**Task brief:** Could you reproduce all of the records exactly?

Short web captions

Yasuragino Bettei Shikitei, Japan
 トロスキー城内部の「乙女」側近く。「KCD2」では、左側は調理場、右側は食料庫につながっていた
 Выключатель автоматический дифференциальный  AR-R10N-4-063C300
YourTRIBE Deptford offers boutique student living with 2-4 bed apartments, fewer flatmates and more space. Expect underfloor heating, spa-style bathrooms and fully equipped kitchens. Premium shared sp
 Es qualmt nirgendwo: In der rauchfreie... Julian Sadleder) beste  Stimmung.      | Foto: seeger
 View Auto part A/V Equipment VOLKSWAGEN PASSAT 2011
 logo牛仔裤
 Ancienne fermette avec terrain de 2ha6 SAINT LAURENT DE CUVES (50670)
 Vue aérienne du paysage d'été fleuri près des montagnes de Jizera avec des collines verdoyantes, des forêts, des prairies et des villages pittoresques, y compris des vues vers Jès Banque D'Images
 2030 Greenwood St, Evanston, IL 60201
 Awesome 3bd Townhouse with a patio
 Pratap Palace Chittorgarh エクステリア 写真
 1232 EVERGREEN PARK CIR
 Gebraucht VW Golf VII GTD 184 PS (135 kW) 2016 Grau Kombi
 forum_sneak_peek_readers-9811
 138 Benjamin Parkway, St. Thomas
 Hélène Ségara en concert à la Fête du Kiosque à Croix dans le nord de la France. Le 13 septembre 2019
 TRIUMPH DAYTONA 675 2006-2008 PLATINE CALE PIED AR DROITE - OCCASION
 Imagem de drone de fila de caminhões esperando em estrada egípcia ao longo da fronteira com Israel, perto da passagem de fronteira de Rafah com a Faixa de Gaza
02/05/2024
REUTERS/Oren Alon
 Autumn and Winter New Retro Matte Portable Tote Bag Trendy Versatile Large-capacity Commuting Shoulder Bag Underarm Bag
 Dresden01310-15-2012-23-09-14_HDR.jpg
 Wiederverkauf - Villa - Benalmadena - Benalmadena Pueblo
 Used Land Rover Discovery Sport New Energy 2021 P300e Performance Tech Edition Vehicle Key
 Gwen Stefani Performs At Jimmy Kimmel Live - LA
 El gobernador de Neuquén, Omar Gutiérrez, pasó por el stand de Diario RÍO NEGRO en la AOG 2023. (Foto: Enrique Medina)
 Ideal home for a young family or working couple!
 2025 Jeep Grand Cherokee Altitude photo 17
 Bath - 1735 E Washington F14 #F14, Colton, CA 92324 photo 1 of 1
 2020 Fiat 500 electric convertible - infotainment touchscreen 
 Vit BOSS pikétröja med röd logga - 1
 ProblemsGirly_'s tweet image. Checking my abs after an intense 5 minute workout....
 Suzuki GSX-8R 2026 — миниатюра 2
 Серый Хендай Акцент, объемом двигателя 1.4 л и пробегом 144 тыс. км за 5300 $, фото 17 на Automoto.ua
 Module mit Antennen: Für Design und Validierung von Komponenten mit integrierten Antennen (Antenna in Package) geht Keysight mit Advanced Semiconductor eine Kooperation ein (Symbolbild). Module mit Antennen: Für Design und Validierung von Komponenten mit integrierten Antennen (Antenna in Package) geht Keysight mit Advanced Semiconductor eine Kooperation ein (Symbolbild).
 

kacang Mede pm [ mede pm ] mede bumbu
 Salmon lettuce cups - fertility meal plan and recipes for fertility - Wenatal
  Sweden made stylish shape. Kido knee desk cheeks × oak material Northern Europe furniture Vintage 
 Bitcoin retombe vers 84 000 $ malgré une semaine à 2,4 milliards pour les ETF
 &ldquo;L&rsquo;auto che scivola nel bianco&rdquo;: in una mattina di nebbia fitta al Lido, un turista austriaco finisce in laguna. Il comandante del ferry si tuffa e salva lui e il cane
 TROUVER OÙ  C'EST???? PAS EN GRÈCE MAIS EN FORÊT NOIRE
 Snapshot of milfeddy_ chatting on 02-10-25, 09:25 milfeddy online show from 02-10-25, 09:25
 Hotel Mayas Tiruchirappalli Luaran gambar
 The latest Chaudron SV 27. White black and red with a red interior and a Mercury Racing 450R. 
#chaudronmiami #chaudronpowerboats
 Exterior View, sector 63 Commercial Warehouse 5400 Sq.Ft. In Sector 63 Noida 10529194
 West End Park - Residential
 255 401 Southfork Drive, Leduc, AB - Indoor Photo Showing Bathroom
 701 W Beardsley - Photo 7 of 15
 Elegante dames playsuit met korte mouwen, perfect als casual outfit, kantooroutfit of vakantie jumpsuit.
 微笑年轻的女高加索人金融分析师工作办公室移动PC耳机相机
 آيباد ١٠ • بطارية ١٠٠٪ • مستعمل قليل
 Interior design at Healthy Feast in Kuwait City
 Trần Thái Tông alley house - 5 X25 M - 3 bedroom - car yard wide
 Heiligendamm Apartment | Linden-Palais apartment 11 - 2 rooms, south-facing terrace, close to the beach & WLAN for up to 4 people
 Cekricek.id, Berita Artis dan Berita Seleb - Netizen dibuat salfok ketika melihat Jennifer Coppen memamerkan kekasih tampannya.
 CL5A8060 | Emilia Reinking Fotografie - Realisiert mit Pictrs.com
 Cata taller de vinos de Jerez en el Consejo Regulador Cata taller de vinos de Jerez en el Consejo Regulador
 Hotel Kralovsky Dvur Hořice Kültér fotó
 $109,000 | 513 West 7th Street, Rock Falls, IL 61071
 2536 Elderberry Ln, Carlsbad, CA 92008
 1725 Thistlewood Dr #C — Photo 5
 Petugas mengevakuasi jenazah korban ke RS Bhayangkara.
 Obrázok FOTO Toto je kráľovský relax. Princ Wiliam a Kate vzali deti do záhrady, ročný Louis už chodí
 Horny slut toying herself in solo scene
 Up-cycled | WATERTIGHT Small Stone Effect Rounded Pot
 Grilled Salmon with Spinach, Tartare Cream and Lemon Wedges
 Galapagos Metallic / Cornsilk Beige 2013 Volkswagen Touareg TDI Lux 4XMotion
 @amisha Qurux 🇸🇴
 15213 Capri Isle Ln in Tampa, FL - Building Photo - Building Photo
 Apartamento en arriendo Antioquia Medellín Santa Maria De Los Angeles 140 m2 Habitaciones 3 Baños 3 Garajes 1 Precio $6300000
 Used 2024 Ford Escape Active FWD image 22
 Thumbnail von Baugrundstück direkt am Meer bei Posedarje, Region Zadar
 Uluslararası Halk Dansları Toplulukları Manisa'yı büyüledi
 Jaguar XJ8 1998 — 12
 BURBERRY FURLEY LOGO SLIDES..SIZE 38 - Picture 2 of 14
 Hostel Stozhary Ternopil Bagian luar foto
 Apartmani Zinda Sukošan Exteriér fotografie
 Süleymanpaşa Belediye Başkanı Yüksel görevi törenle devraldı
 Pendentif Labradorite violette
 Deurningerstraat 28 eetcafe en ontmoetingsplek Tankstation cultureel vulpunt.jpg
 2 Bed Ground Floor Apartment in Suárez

**Output of the exercise:**
Yasuragino Bettei Shikitei, Japan
 トロスキー城内部の「乙女」側近く。「KCD2」では、左側は調理場、右側は食料庫につながっていた
 Выключатель автоматический дифференциальный  AR-R10N-4-063C300
YourTRIBE Deptford offers boutique student living with 2-4 bed apartments, fewer flatmates and more space. Expect underfloor heating, spa-style bathrooms and fully equipped kitchens. Premium shared sp
 Es qualmt nirgendwo: In der rauchfreie... Julian Sadleder) beste  Stimmung.      | Foto: seeger
 View Auto part A/V Equipment VOLKSWAGEN PASSAT 2011
 logo牛仔裤
 Ancienne fermette avec terrain de 2ha6 SAINT LAURENT DE CUVES (50670)
 Vue aérienne du paysage d'été fleuri près des montagnes de Jizera avec des collines verdoyantes, des forêts, des prairies et des villages pittoresques, y compris des vues vers Jès Banque D'Images
 2030 Greenwood St, Evanston, IL 60201
 Awesome 3bd Townhouse with a patio
 Pratap Palace Chittorgarh エクステリア 写真
 1232 EVERGREEN PARK CIR
 Gebraucht VW Golf VII GTD 184 PS (135 kW) 2016 Grau Kombi
 forum_sneak_peek_readers-9811
 138 Benjamin Parkway, St. Thomas
 Hélène Ségara en concert à la Fête du Kiosque à Croix dans le nord de la France. Le 13 septembre 2019
 TRIUMPH DAYTONA 675 2006-2008 PLATINE CALE PIED AR DROITE - OCCASION
 Imagem de drone de fila de caminhões esperando em estrada egípcia ao longo da fronteira com Israel, perto da passagem de fronteira de Rafah com a Faixa de Gaza
02/05/2024
REUTERS/Oren Alon
 Autumn and Winter New Retro Matte Portable Tote Bag Trendy Versatile Large-capacity Commuting Shoulder Bag Underarm Bag
 Dresden01310-15-2012-23-09-14_HDR.jpg
 Wiederverkauf - Villa - Benalmadena - Benalmadena Pueblo
 Used Land Rover Discovery Sport New Energy 2021 P300e Performance Tech Edition Vehicle Key
 Gwen Stefani Performs At Jimmy Kimmel Live - LA
 El gobernador de Neuquén, Omar Gutiérrez, pasó por el stand de Diario RÍO NEGRO en la AOG 2023. (Foto: Enrique Medina)
 Ideal home for a young family or working couple!
 2025 Jeep Grand Cherokee Altitude photo 17
 Bath - 1735 E Washington F14 #F14, Colton, CA 92324 photo 1 of 1
 2020 Fiat 500 electric convertible - infotainment touchscreen 
 Vit BOSS pikétröja med röd logga - 1
 ProblemsGirly_'s tweet image. Checking my abs after an intense 5 minute workout....
 Suzuki GSX-8R 2026 — миниатюра 2
 Серый Хендай Акцент, объемом двигателя 1.4 л и пробегом 144 тыс. км за 5300 $, фото 17 на Automoto.ua
 Module mit Antennen: Für Design und Validierung von Komponenten mit integrierten Antennen (Antenna in Package) geht Keysight mit Advanced Semiconductor eine Kooperation ein (Symbolbild). Module mit Antennen: Für Design und Validierung von Komponenten mit integrierten Antennen (Antenna in Package) geht Keysight mit Advanced Semiconductor eine Kooperation ein (Symbolbild).
 

kacang Mede pm [ mede pm ] mede bumbu
 Salmon lettuce cups - fertility meal plan and recipes for fertility - Wenatal
  Sweden made stylish shape. Kido knee desk cheeks × oak material Northern Europe furniture Vintage 
 Bitcoin retombe vers 84 000 $ malgré une semaine à 2,4 milliards pour les ETF
 &ldquo;L&rsquo;auto che scivola nel bianco&rdquo;: in una mattina di nebbia fitta al Lido, un turista austriaco finisce in laguna. Il comandante del ferry si tuffa e salva lui e il cane
 TROUVER OÙ  C'EST???? PAS EN GRÈCE MAIS EN FORÊT NOIRE
 Snapshot of milfeddy_ chatting on 02-10-25, 09:25 milfeddy online show from 02-10-25, 09:25
 Hotel Mayas Tiruchirappalli Luaran gambar
 The latest Chaudron SV 27. White black and red with a red interior and a Mercury Racing 450R. 
#chaudronmiami #chaudronpowerboats
 Exterior View, sector 63 Commercial Warehouse 5400 Sq.Ft. In Sector 63 Noida 10529194
 West End Park - Residential
 255 401 Southfork Drive, Leduc, AB - Indoor Photo Showing Bathroom
 701 W Beardsley - Photo 7 of 15
 Elegante dames playsuit met korte mouwen, perfect als casual outfit, kantooroutfit of vakantie jumpsuit.
 微笑年轻的女高加索人金融分析师工作办公室移动PC耳机相机
 آيباد ١٠ • بطارية ١٠٠٪ • مستعمل قليل
 Interior design at Healthy Feast in Kuwait City
 Trần Thái Tông alley house - 5 X25 M - 3 bedroom - car yard wide
 Heiligendamm Apartment | Linden-Palais apartment 11 - 2 rooms, south-facing terrace, close to the beach & WLAN for up to 4 people
 Cekricek.id, Berita Artis dan Berita Seleb - Netizen dibuat salfok ketika melihat Jennifer Coppen memamerkan kekasih tampannya.
 CL5A8060 | Emilia Reinking Fotografie - Realisiert mit Pictrs.com
 Cata taller de vinos de Jerez en el Consejo Regulador Cata taller de vinos de Jerez en el Consejo Regulador
 Hotel Kralovsky Dvur Hořice Kültér fotó
 $109,000 | 513 West 7th Street, Rock Falls, IL 61071
 2536 Elderberry Ln, Carlsbad, CA 92008
 1725 Thistlewood Dr #C — Photo 5
 Petugas mengevakuasi jenazah korban ke RS Bhayangkara.
 Obrázok FOTO Toto je kráľovský relax. Princ Wiliam a Kate vzali deti do záhrady, ročný Louis už chodí
 Horny slut toying herself in solo scene
 Up-cycled | WATERTIGHT Small Stone Effect Rounded Pot
 Grilled Salmon with Spinach, Tartare Cream and Lemon Wedges
 Galapagos Metallic / Cornsilk Beige 2013 Volkswagen Touareg TDI Lux 4XMotion
 @amisha Qurux 🇸🇴
 15213 Capri Isle Ln in Tampa, FL - Building Photo - Building Photo
 Apartamento en arriendo Antioquia Medellín Santa Maria De Los Angeles 140 m2 Habitaciones 3 Baños 3 Garajes 1 Precio $6300000
 Used 2024 Ford Escape Active FWD image 22
 Thumbnail von Baugrundstück direkt am Meer bei Posedarje, Region Zadar
 Uluslararası Halk Dansları Toplulukları Manisa'yı büyüledi
 Jaguar XJ8 1998 — 12
 BURBERRY FURLEY LOGO SLIDES..SIZE 38 - Picture 2 of 14
 Hostel Stozhary Ternopil Bagian luar foto
 Apartmani Zinda Sukošan Exteriér fotografie
 Süleymanpaşa Belediye Başkanı Yüksel görevi törenle devraldı
 Pendentif Labradorite violette
 Deurningerstraat 28 eetcafe en ontmoetingsplek Tankstation cultureel vulpunt.jpg
 2 Bed Ground Floor Apartment in Suárez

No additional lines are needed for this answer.